I opted to set up a login for my local Windows administrator account. I set the authorization to NTLM. That way, there was no local password in the FreeSSHd database and if the administrator password changes in the local Windows account database, you don’t have to change the password in the FreeSSHd account database.

I authorized this new administrator SSH user to log in with SSH only.

Figure 3: Adding a SSHd user account with NTLM authorization

Here are the results:

Figure 4: A new SSHd user account added

The second thing I had to do to allow me to login was to open an exception in the Windows Firewall. While I could disable the Windows Firewall completely instead of opening the ports, of course the most secure option is to leave the firewall up and allow for an exception for SSH – TCP port 22.

To do that, I went to Start -> Administrative Tools -> Windows Firewall with Advanced Security.

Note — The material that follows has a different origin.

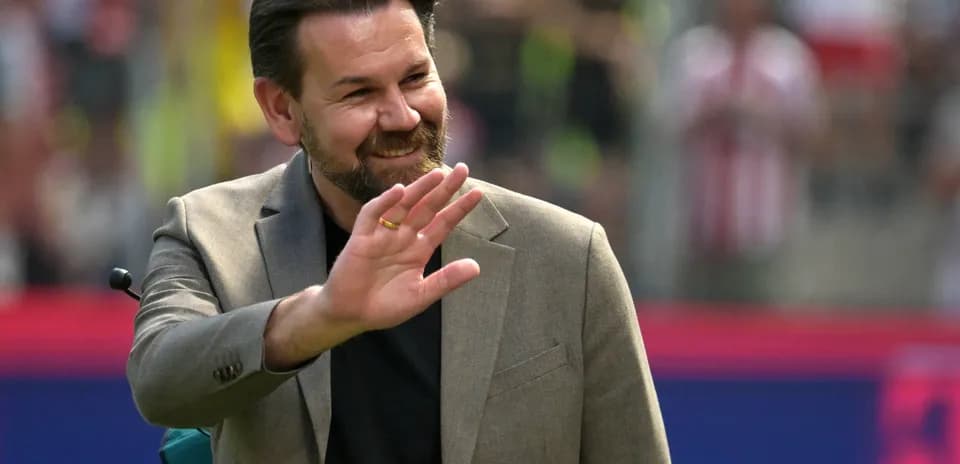 Person waving during a public event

Figure 5: Opening Windows Firewall with Advanced Security

Next, I clicked on Inbound Rules, then on New Rule.

Figure 6: Adding a new Inbound Rule

Next, I chose to add a Port rule.

Figure 7: Choosing to add a Rule for a Port

I specified TCP port 22 only.

Figure 8: Specifying TCP port 22 only

Take the defaults to Allow the Connection, apply this to All domains, and give the rule a Name of your choice.

Test the Connection

To test the connection, I used SecureCRT from my Windows XP machine to the Windows Server 2008 server, via SSH.

To do this, I connected to the server via the IP address (or domain name). I chose to Accept the server’s certificate and save it.

Figure 9: Connecting via SSH and logging in with your Windows username & password

I logged into the server using the administrator login and password.

And, success! I was able to access the server via SSH!

Figure 10: A successful connection to the Windows 2008 Server via SSH

In Summary
SSH is an excellent tool for Windows Server 2008 administrators to consider for remote server management. In this article, you learned how SSH can help you, the options available for SSH Server and SSH Client installations, and how to install one of those options, FreeSSHd.